朝晴れエッセー

発表会を前に・8月14日

フラダンスの舞台を間近で見たのは地区の文化祭であった。笑顔も衣装も美しい。顔見知りはいないかと見回すと高齢らしい方が目にとまった。腰か膝の具合が悪いような動きである。しかし参加することに意義があると示しているようなその方の精いっぱいの踊りが心に残った。

私は腰の手術後であり、リハビリと認知症予防のため何か楽しいものを習いたいと考えていた矢先であった。

以来、コロナに翻弄されながらも4年目の今、フラダンスの合同発表会に向かって練習を重ねている私がいる。その間、加齢とともに体の異変もあり膝の手術も受けた。覚えも悪く振り付けはむつかしく、これで舞台に立てるだろうかと何度も不安がよぎった。

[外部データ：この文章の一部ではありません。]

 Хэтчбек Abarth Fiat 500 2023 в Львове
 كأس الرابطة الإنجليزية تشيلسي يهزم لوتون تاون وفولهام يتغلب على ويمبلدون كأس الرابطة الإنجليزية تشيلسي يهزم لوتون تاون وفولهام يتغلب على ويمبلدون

弱音を口にしたこともあった。

が、娘のような先輩たちに励まされ助けられ、夫の後押し、入会のきっかけとなったあの方を思い出し、また、先生の優しいお声かけに心も体もほぐれたようで、光が見えてきた。

入会時の日記に「元気であれば数年で米寿、祝いの席でよろめかずそれなりの踊りを披露している自分を想像してみる。そこには95歳になる健やかな夫の姿も見える」と、ほのかな夢をつづっている。無理をせず努力を続け、笑顔で舞台に立てるよう、米寿の記念を自分で祝えるよう今はがんばるのみである。

夫が30分の散歩に出ると私は鏡の前に立ち姿勢を正し練習を始める。初心の思いが実現しそうな10月2日が、日一日と近づいてくる。